__Work item__. Up to and including the line that contains "AIRWAVES CONQUERED: Mighty", repeat each line of the data exactly, starting from the first.
━━━ Excerpted data
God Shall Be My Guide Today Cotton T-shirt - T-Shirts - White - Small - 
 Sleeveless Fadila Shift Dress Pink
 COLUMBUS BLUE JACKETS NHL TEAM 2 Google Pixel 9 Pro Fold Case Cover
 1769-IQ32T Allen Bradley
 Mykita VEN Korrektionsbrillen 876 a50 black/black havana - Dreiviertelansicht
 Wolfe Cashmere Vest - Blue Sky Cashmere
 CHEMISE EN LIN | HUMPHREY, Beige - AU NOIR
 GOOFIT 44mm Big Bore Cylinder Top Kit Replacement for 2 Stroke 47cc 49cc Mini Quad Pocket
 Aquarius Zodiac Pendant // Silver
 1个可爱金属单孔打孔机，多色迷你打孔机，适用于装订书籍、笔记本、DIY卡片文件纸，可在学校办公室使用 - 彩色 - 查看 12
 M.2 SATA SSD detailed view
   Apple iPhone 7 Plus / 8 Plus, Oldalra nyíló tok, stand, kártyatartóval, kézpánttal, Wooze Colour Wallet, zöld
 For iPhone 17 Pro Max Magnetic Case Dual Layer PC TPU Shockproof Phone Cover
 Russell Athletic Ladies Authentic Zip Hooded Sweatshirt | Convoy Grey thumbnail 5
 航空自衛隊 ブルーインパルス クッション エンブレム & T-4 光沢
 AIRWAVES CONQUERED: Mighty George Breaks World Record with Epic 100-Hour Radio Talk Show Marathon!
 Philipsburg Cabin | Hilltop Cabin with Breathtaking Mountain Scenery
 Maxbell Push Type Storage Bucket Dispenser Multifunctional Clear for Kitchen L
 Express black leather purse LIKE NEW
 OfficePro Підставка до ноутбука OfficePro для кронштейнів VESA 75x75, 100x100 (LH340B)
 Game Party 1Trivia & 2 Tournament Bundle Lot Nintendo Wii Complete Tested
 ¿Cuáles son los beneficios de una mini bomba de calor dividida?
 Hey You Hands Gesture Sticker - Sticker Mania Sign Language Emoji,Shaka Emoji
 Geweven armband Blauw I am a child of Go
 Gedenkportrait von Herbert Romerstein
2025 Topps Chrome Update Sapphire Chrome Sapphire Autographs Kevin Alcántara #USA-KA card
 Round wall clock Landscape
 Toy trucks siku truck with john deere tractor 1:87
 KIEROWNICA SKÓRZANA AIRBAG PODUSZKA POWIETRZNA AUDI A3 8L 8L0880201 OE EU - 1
━━━━━━
__Output of the task__.
God Shall Be My Guide Today Cotton T-shirt - T-Shirts - White - Small - 
 Sleeveless Fadila Shift Dress Pink
 COLUMBUS BLUE JACKETS NHL TEAM 2 Google Pixel 9 Pro Fold Case Cover
 1769-IQ32T Allen Bradley
 Mykita VEN Korrektionsbrillen 876 a50 black/black havana - Dreiviertelansicht
 Wolfe Cashmere Vest - Blue Sky Cashmere
 CHEMISE EN LIN | HUMPHREY, Beige - AU NOIR
 GOOFIT 44mm Big Bore Cylinder Top Kit Replacement for 2 Stroke 47cc 49cc Mini Quad Pocket
 Aquarius Zodiac Pendant // Silver
 1个可爱金属单孔打孔机，多色迷你打孔机，适用于装订书籍、笔记本、DIY卡片文件纸，可在学校办公室使用 - 彩色 - 查看 12
 M.2 SATA SSD detailed view
   Apple iPhone 7 Plus / 8 Plus, Oldalra nyíló tok, stand, kártyatartóval, kézpánttal, Wooze Colour Wallet, zöld
 For iPhone 17 Pro Max Magnetic Case Dual Layer PC TPU Shockproof Phone Cover
 Russell Athletic Ladies Authentic Zip Hooded Sweatshirt | Convoy Grey thumbnail 5
 航空自衛隊 ブルーインパルス クッション エンブレム & T-4 光沢
 AIRWAVES CONQUERED: Mighty George Breaks World Record with Epic 100-Hour Radio Talk Show Marathon!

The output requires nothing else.